1  Introduction

1.1 Use of R

REMINDER : R TIPS
  1. Comment your code ! (# important informations on the code)

  2. Check your R objects ! (plot(), print(), View() , …)

  3. Listen to R outputs ! (Errors AND Warnings)

  4. Get help ! (?name_of_function, internet, other users)

  5. Keep calm and take a break !

1.1.1 Installation

Note

The installation part is based on “An Introduction to R” book writed by Alex Douglas, Deon Roos, Francesca Mancini, Ana Couto & David Lusseau

1.1.1.1 R

1.1.1.1.1 Windows users

For Windows users select the ‘Download R for Windows’ link and then click on the ‘base’ link and finally the download link ‘Download R 4.2.1 for Windows’. This will begin the download of the ‘.exe’ installation file. When the download has completed double click on the R executable file and follow the on-screen instructions. Full installation instructions can be found at the CRAN website.

1.1.1.1.2 Mac users

For Mac users select the ‘Download R for (Mac) OS X’ link. The binary can be downloaded by selecting the ‘R-4.2.1.pkg’. Once downloaded, double click on the file icon and follow the on-screen instructions to guide you through the necessary steps. See the ‘R for Mac OS X FAQ’ for further information on installation.

1.1.1.1.3 Linux users

For Linux users, the installation method will depend on which flavour of Linux you are using. There are reasonably comprehensive instruction here for Debian, Redhat, Suse and Ubuntu. In most cases you can just use your OS package manager to install R from the official repository. On Ubuntu fire up a shell (Terminal) and use (you will need root permission to do this):

sudo apt update
sudo apt install r-base r-base-dev

which will install base R and also the development version of base R (you only need this if you want to compile R packages from source but it doesn’t hurt to have it).
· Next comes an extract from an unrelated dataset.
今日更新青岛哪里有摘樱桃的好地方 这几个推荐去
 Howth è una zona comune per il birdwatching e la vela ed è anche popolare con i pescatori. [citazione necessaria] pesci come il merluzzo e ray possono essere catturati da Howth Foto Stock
If you receive an error after running the code above you may need to add a ‘source.list’ entry to your etc/apt/sources.list file. To do this open the terminal and enter this:

sudo apt install -y --no-install-recommends software-properties-common dirmngr
# Add keys
wget -qO- https://cloud.r-project.org/bin/linux/ubuntu/marutter_pubkey.asc | sudo tee -a /etc/apt/trusted.gpg.d/cran_ubuntu_key.asc

sudo add-apt-repository "deb https://cloud.r-project.org/bin/linux/ubuntu $(lsb_release -cs)-cran40/"

Once you have done this then re-run the apt commands above and you should be good to go.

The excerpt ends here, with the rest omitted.